Timidement, une jeune femme se détacha de la foule. Une murmure d'approbation se fit entendre autour d'elle. On la connaissait tous, fatiguée d'être maltraitée par ses anciens maîtres, elle avait fui avec Dessalines. Ici, elle prenait soin de tout le monde. Elle confectionnait et entretenait le peu de vêtements que possédaient les fugitifs de la colonie.

— Catherine, ma fille, te souviens-tu de ce que je t'ai dit dans ton rêve ? 
— Oui, maîtresse. Je me souviens de tout. Je sais ce que j'aurai à faire quand le moment sera venu.
— Bien, je veux que tu prennes cette aiguille et que tu la conserves soigneusement. Elle te servira quand viendra le moment de revêtir de couleurs symboliques les débuts prometteurs de ta nouvelle patrie. Tu confectionneras le drapeau d'Ayiti. Maintenant, lançons la cérémonie pour sceller notre pacte. Boukman, fais ce que tu dois faire.

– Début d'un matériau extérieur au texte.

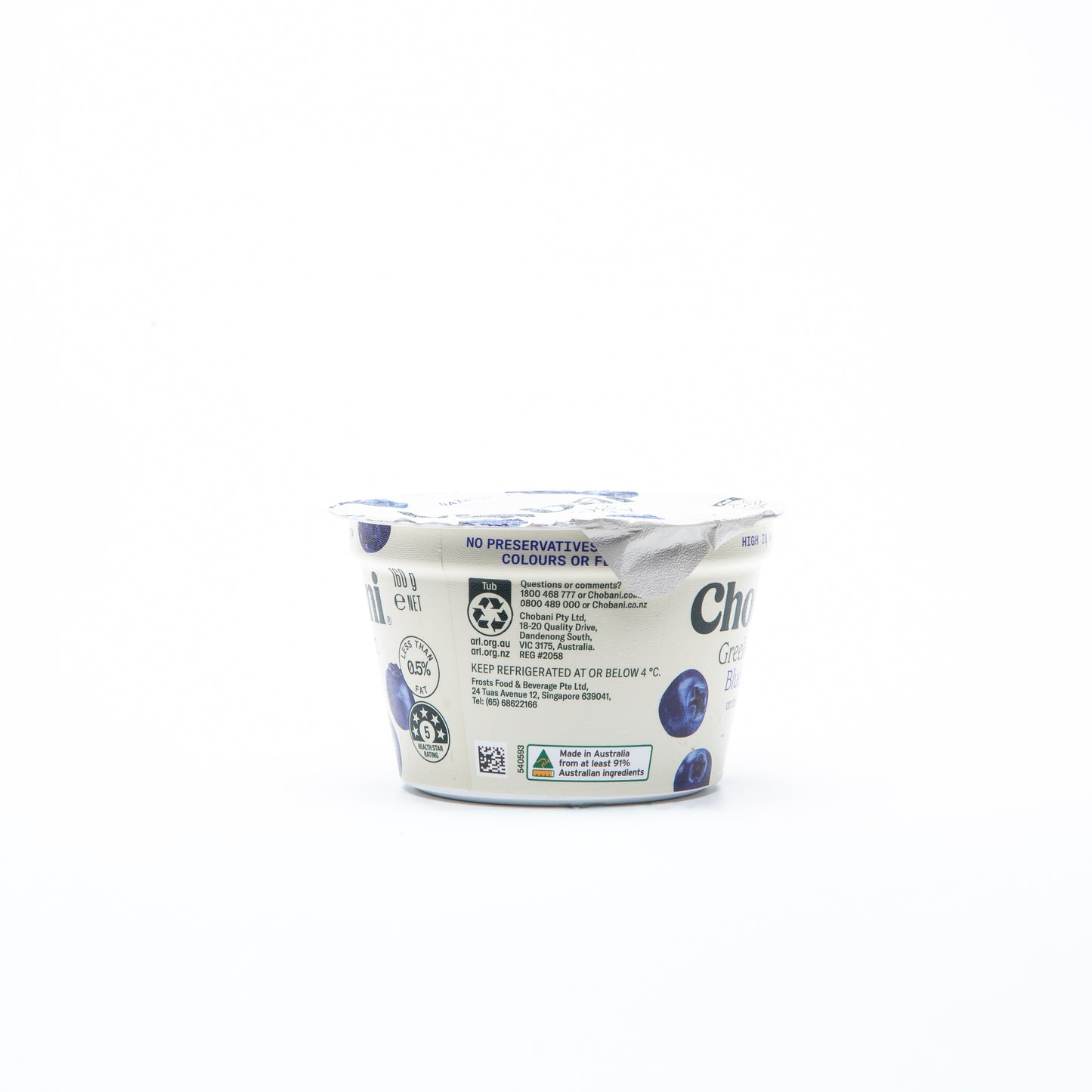 Chobani Blueberry on the Bottom Greek Yogurt 160g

Un cercle se forma autour de la vieille dame et du feu incandescent. Des torches furent allumées à côté de tous les arbres se trouvant à proximité, et des mouchoirs de différentes couleurs furent attachés à leurs racines et également distribués aux hommes en signe de respect et d'allégeance à la nature. Et Boukman vient disposer soigneusement, devant la vieille femme, une grande cruche remplie de clairin, des ustensiles en métal blanc contenant respectivement du maïs et autres liquides concoctés avec des plantes des environs. La vieille dame les prit et les mélangea au clairin. Elle prit du café, du maïs et un peu de la boisson reposant dans la cruche, et les fit jeter autour des arbres, en signe de partage. Dorénavant, la nature recevra d'eux, ce qu'elle leur donnera.

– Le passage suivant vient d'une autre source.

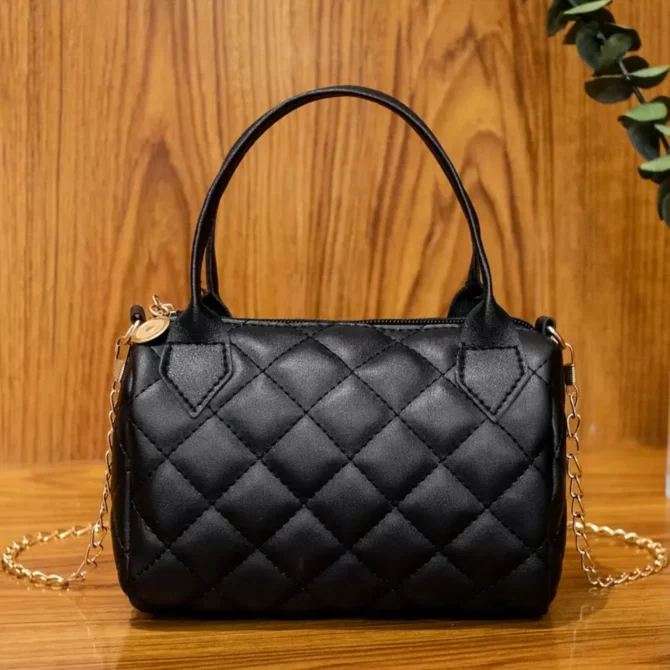 Chic and trendy black argyle women's crossbody Boston handbag - stylish sophisticated choice for a fashionable appearance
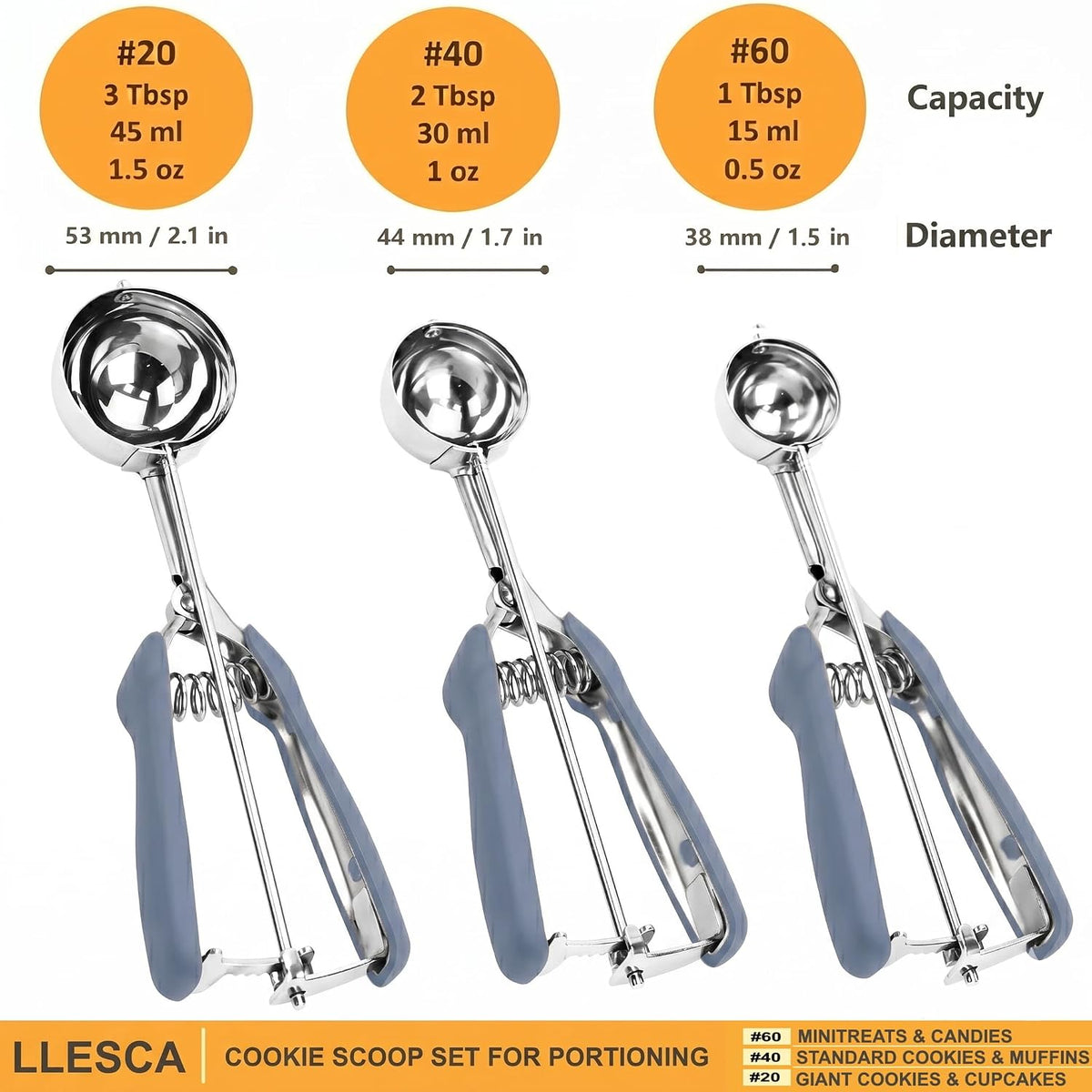 Cookie Scoop Set, 3Pcs Ice Cream Scoop, Cookie Scoops for Baking Set of 3, 18/8 Stainless Steel Cookie Scooper for Baking, Ice Cream Scooper with Trigger Release, Cookie Dough Scoop with Non-slip Grip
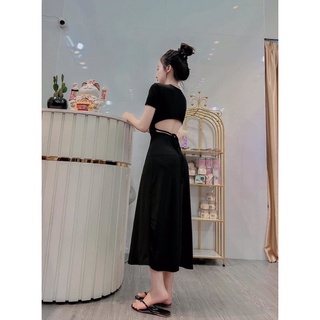Đầm thun dáng xòe hở lưng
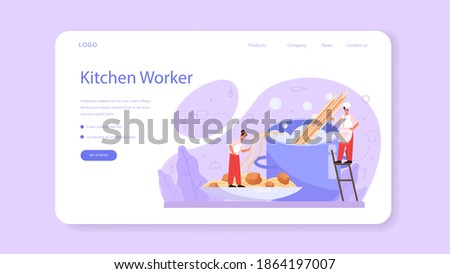 Cook or culinary specialist web banner or landing page. Chef in apron making tasty dish. Professional worker on the kitchen. Food maker. Isolated vector illustration in cartoon style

— Mes enfants, nous avons entendu vos cris. En partageant ce repas avec nous, vous scellez un accord qui durera aussi longtemps que vous vivrez en harmonie avec nous. Boukman et Dessalines, approchez-vous de moi ! Buvez d'abord de cet élixir puis partagez le reste avec vos frères. Là-dedans, réside votre force pour les combats à venir. Vous serez des figures emblématiques de la révolution, l'un d'entre vous succèdera à l'autre, soyez donc unis ! Seul l'union vous sauvera !

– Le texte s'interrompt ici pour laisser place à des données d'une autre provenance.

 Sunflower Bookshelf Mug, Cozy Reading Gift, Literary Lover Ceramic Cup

Bientôt des coups de tambours se firent entendre dans les profondeurs de la nuit. D'anciens esclaves venaient de briser leurs chaînes et célébraient cette victoire, au rythme effréné du tambour de la liberté.

— Pour que vous soyez définitivement libre, vous devez me faire la promesse de toujours respecter la nature. Seule votre connexion avec la nature vous libérera. Vous devez me faire la promesse de ne pas nous détruire. Chaque arbre ici, est un membre de ma grande famille, ils vous accompagneront lors de votre combat. Tant que je resterai ancré dans le sol. Vous resterez ancré sur cette terre. Par ce pacte, vous serez toujours intimement liés à la nature et au créateur de cette île. Quiconque parmi vous osera, à l'avenir, faire du mal à la terre se retrouvera prisonnier de la misère. 

Au dernier son de tambour, un tourbillon mystérieux s'invita dans la danse et rendit tout invisible. Quand ils reprirent leurs esprits, la vieille dame avait disparu. À sa place se tenait une imposante mapou. Ses racines profondes et vivaces s'étendaient aussi bien dans la terre que dans les cœurs, comme une preuve vivante de leur engagement envers Ayiti.